▶ STORED DATA:
·····

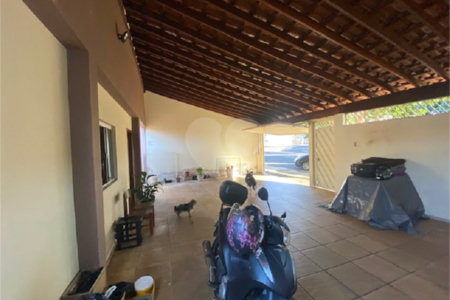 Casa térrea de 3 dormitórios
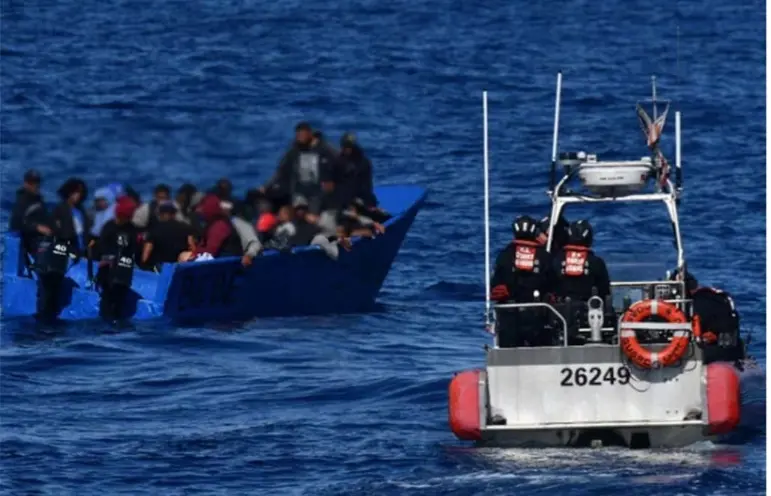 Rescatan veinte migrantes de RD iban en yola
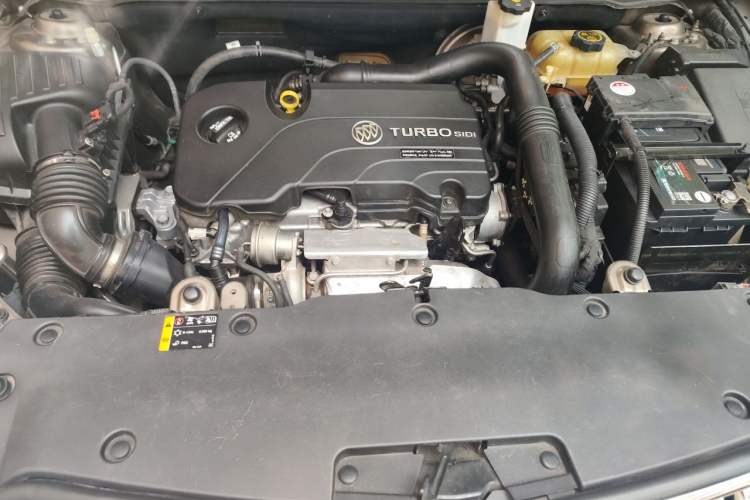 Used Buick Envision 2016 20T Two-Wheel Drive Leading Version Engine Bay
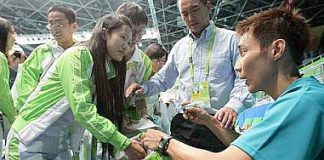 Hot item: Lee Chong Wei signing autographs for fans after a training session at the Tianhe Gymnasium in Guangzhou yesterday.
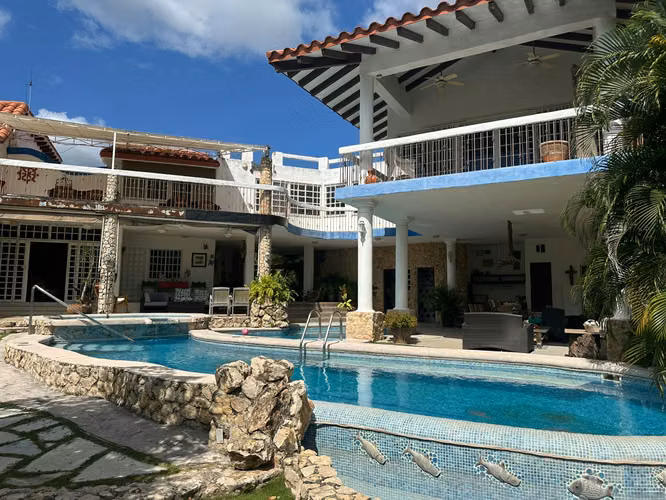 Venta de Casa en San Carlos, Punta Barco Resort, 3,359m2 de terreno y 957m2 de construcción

·····

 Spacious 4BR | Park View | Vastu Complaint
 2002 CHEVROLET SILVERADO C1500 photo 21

·····

In the entries above, which lines run from the one with "Rescatan veinte migrantes de RD iban en yola" up to and including the one with "Venta de Casa"? Write them out exactly, without the pictures.

 Rescatan veinte migrantes de RD iban en yola
 Used Buick Envision 2016 20T Two-Wheel Drive Leading Version Engine Bay
 Hot item: Lee Chong Wei signing autographs for fans after a training session at the Tianhe Gymnasium in Guangzhou yesterday.
 Venta de Casa en San Carlos, Punta Barco Resort, 3,359m2 de terreno y 957m2 de construcción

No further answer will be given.